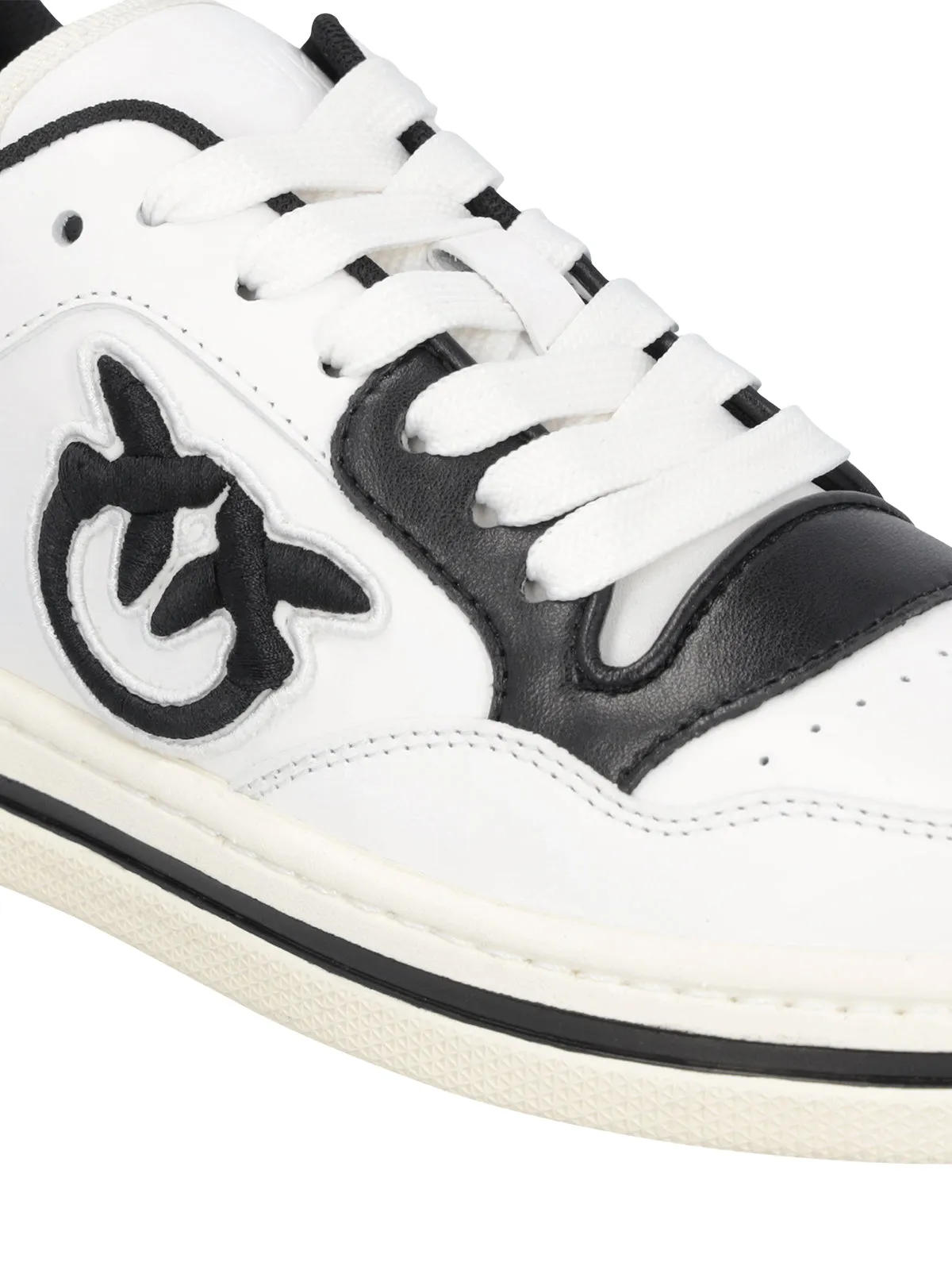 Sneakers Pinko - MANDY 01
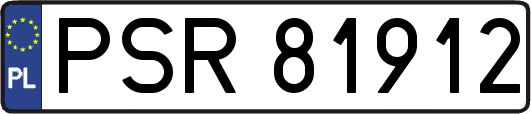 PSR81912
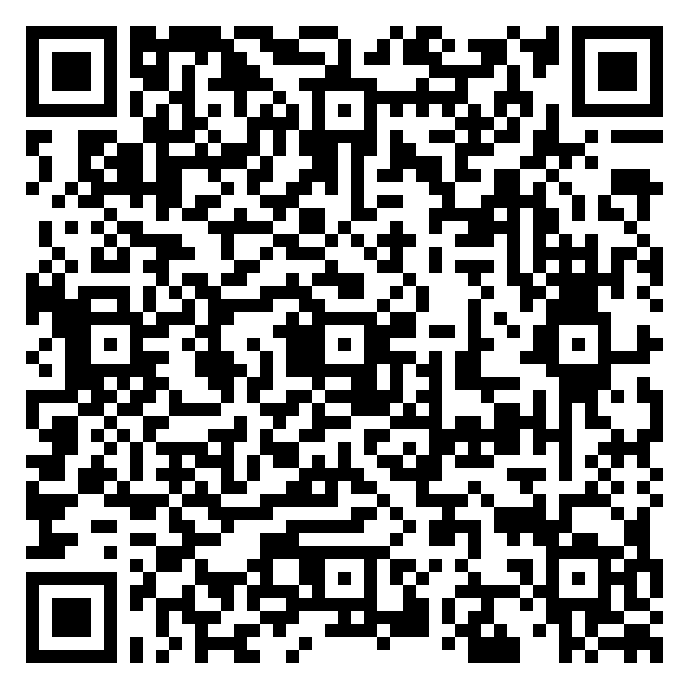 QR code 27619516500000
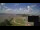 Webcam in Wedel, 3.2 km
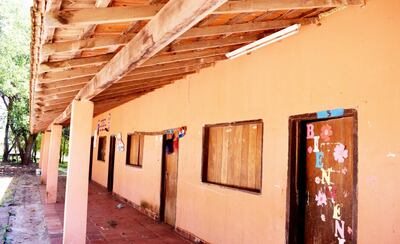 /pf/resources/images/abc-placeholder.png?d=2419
=-=-=
■ Aim of the task
Recopy the full listing exactly, passing over any picture.

■ Written response
 Sneakers Pinko - MANDY 01
 PSR81912
 QR code 27619516500000
 Webcam in Wedel, 3.2 km
 /pf/resources/images/abc-placeholder.png?d=2419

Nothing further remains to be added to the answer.